Ni el prestigio de la Copa Argentina ni el acceso gratuito fueron suficientes para salvar una jornada que quedará marcada como el punto más bajo de la gestión deportiva provincial. Con apenas 2.000 personas en las tribunas, la imagen de La Pedrera vacía recorrió el país a través de las redes sociales, dejando una pregunta incómoda en el aire: ¿Cómo se puede gestionar tan mal un recurso de semejante magnitud?
El evento, que debía funcionar como motor turístico y vidriera de la ciudad, falló en su objetivo básico de atraer público. La responsabilidad recae directamente sobre la conducción de Fernanda Sosa, cuya estrategia de difusión fue, a todas luces, inexistente. Esta incapacidad de convocatoria, evidenciada en el hecho de que las entradas gratuitas sobraran, es el síntoma de una gestión desconectada de la comunidad y carente de visión profesional.
En una competencia televisada a nivel nacional, la postal de un estadio desierto daña seriamente la reputación de San Luis como sede de élite.
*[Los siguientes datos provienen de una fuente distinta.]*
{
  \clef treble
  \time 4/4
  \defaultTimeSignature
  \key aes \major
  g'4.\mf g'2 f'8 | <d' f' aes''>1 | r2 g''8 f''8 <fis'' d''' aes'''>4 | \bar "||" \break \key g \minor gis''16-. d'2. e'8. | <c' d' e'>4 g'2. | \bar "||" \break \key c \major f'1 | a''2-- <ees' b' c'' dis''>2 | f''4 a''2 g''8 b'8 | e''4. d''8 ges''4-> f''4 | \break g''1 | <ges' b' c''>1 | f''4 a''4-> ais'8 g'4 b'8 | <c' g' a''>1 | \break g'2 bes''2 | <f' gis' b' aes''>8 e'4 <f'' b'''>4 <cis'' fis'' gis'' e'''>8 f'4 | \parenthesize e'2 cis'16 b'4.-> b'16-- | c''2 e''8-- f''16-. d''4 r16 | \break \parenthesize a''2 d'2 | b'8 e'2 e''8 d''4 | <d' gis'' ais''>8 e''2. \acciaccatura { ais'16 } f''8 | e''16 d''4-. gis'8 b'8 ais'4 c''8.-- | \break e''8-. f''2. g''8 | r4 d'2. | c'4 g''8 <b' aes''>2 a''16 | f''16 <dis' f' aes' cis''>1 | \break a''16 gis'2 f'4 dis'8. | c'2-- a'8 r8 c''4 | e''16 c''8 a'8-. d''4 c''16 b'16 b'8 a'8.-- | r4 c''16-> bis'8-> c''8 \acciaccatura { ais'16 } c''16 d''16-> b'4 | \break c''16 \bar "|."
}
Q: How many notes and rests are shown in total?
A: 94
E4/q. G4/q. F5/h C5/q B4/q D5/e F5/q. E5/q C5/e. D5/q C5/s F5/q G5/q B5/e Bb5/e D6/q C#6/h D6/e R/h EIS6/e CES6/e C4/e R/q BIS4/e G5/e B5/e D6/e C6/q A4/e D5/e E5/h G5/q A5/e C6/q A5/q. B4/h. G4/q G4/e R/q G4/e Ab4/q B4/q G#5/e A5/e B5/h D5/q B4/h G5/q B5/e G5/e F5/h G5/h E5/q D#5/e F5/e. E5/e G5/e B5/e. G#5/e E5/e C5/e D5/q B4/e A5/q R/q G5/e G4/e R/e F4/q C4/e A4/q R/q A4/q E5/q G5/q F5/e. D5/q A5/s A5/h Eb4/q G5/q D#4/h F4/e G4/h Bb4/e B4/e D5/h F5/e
La improvisación en la organización previa derivó en un desinterés generalizado que ni siquiera el fútbol de primera división pudo romper. La Pedrera fue proyectada para grandes desafíos, pero hoy parece quedar demasiado grande para una administración que no logra generar contenido ni atraer visitantes.
Esta política de puertas cerradas y falta de planificación estratégica está transformando al polo deportivo en un monumento a la ineficiencia. Mientras otras provincias logran récords de asistencia en el mismo torneo, San Luis se queda con las gradas vacías y las críticas de los comerciantes locales, quienes ven cómo se desperdicia una oportunidad de oro para reactivar el turismo regional.